→ Listed records:
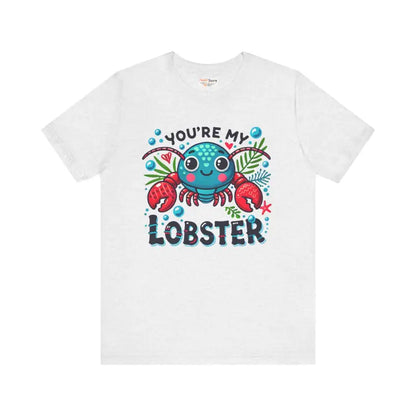 You’re my Lobster Unisex Jersey Short Sleeve Tee - Ash / s T-shirt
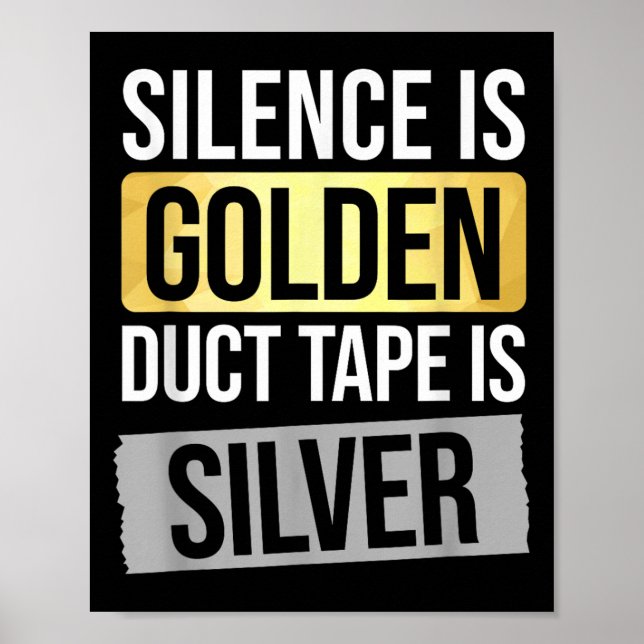 Tystnad är guld men silvertejp är sarkastiskt silv poster (Framsidan)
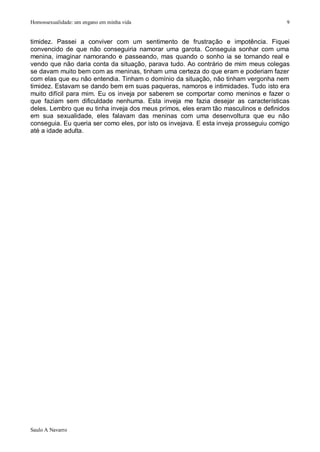 Homossexualidade: um engano em minha vida                                               9


timidez. Passei a conviver com um sentimento de frustração e impotência. Fiquei
convencido de que não conseguiria namorar uma garota. Conseguia sonhar com uma
menina, imaginar namorando e passeando, mas quando o sonho ia se tornando real e
vendo que não daria conta da situação, parava tudo. Ao contrário de mim meus colegas
se davam muito bem com as meninas, tinham uma certeza do que eram e poderiam fazer
com elas que eu não entendia. Tinham o domínio da situação, não tinham vergonha nem
timidez. Estavam se dando bem em suas paqueras, namoros e intimidades. Tudo isto era
muito difícil para mim. Eu os inveja por saberem se comportar como meninos e fazer o
que faziam sem dificuldade nenhuma. Esta inveja me fazia desejar as características
deles. Lembro que eu tinha inveja dos meus primos, eles eram tão masculinos e definidos
em sua sexualidade, eles falavam das meninas com uma desenvoltura que eu não
conseguia. Eu queria ser como eles, por isto os invejava. E esta inveja prosseguiu comigo
até a idade adulta.




Saulo A Navarro
 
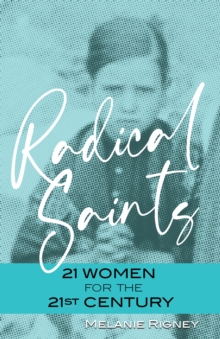 Radical Saints : 21 Women for the 21st Century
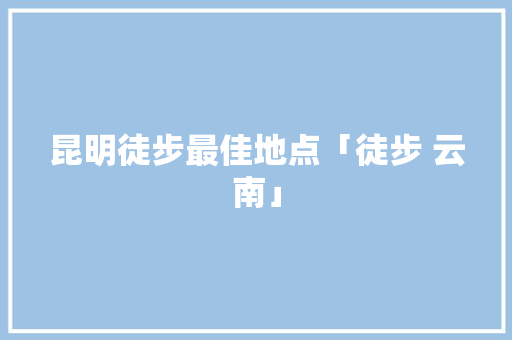 昆明徒步最佳地点「徒步 云南」 昆明徒步最佳地点「徒步 云南」 时尚穿搭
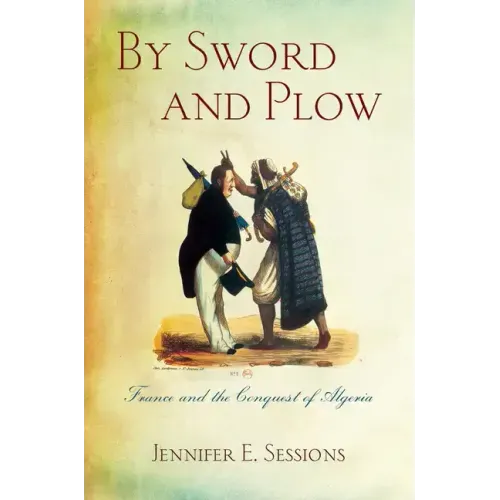 By Sword and Plow: France and the Conquest of Algeria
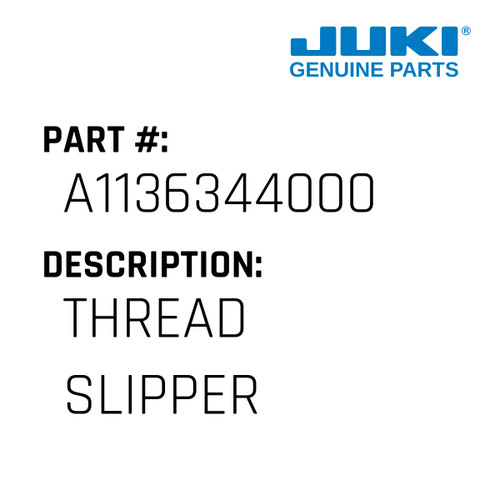 Thread Slipper - Juki #A1136344000 Genuine Juki Part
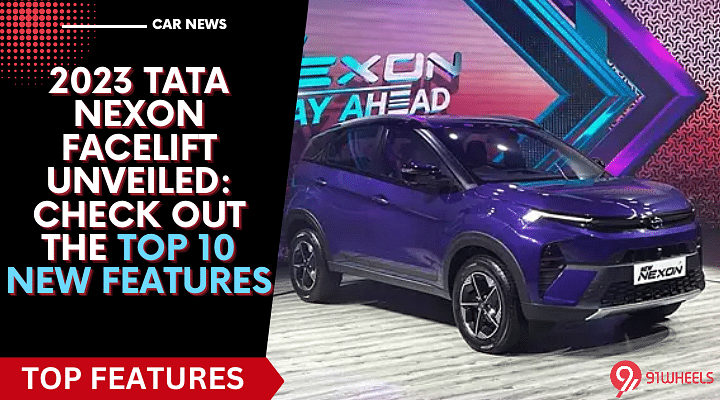 2023 Tata Nexon Facelift Unveiled: Check Out The Top 10 New Features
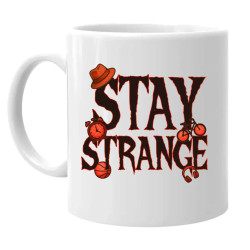 Stay strange pre fanúšikov seriálu Stranger Things - keramický hrnček s potlačou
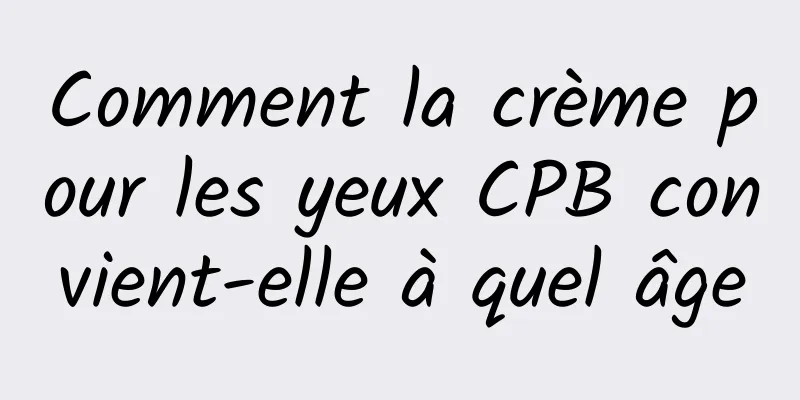 Comment la crème pour les yeux CPB convient-elle à quel âge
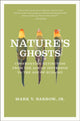 Book cover of: Nature's Ghosts. By: Mark V. Barrow  Jr.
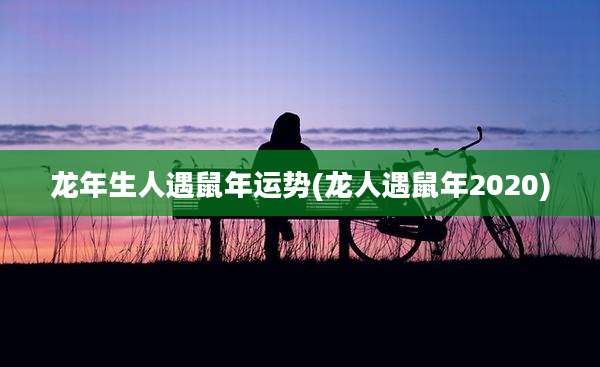 龙年生人遇鼠年运势(龙人遇鼠年2020)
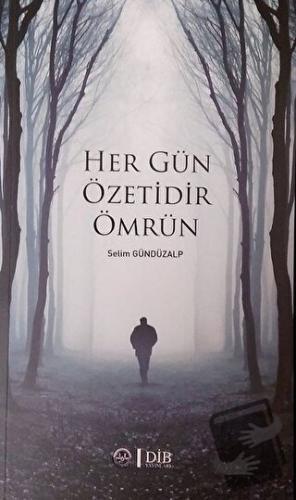 Her Gün Özetidir Ömrün - Selim Gündüzalp - Diyanet İşleri Başkanlığı -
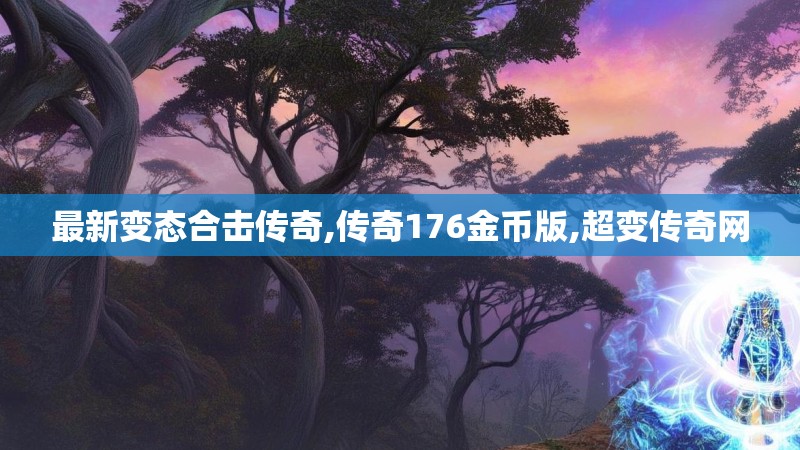 最新变态合击传奇,传奇176金币版,超变传奇网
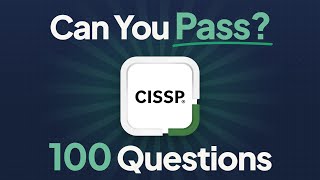 100 Free CISSP Practice Questions and Answers (2026) | No Ads, Full Explanations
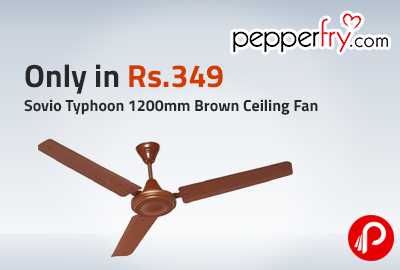 Only in Rs.349 Sovio typhoon 1200mm Brown Ceiling Fan - Pepperfry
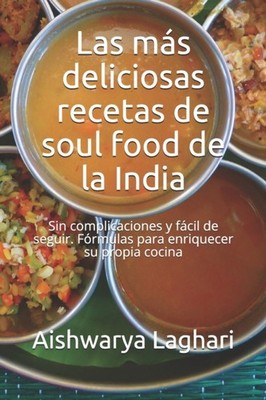 Laghari - Las ms deliciosas recetas de soul food de la India  Sin com - X555z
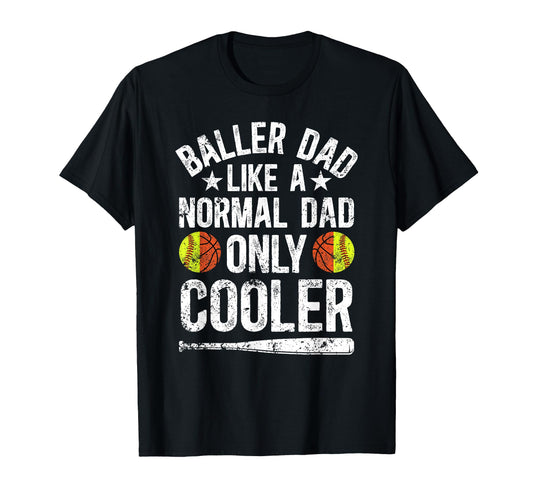 Baller Dad Softball Basketball Dad T-Shirt - Novelty Apparel Men Women - T-Shirt, Sweatshirt, Hoodie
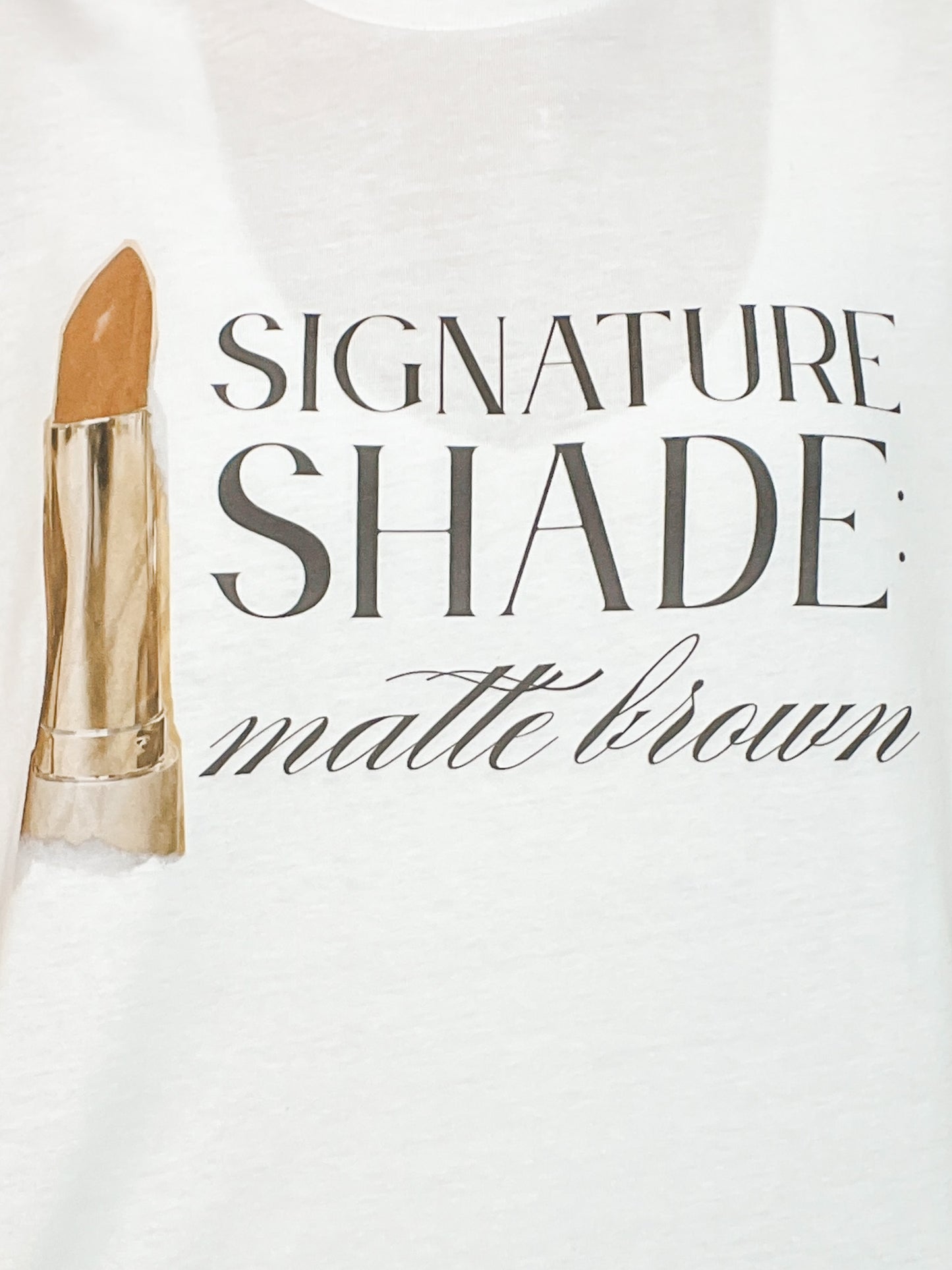 Signature Shades: Matte Brown Lipstick Graphic Tee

→ Exercise brief:
Write out the lines of the listing from the one that holds "Stay strange pre" to the very last line, both included, exactly as they appear and without any pictures.

→ Response:
 Stay strange pre fanúšikov seriálu Stranger Things - keramický hrnček s potlačou
 Comment la crème pour les yeux CPB convient-elle à quel âge
 Book cover of: Nature's Ghosts. By: Mark V. Barrow  Jr.
 龙年生人遇鼠年运势(龙人遇鼠年2020)
 Her Gün Özetidir Ömrün - Selim Gündüzalp - Diyanet İşleri Başkanlığı -
 最新变态合击传奇,传奇176金币版,超变传奇网
 100 Free CISSP Practice Questions and Answers (2026) | No Ads, Full Explanations
 Only in Rs.349 Sovio typhoon 1200mm Brown Ceiling Fan - Pepperfry
 Laghari - Las ms deliciosas recetas de soul food de la India  Sin com - X555z
 Baller Dad Softball Basketball Dad T-Shirt - Novelty Apparel Men Women - T-Shirt, Sweatshirt, Hoodie
 Signature Shades: Matte Brown Lipstick Graphic Tee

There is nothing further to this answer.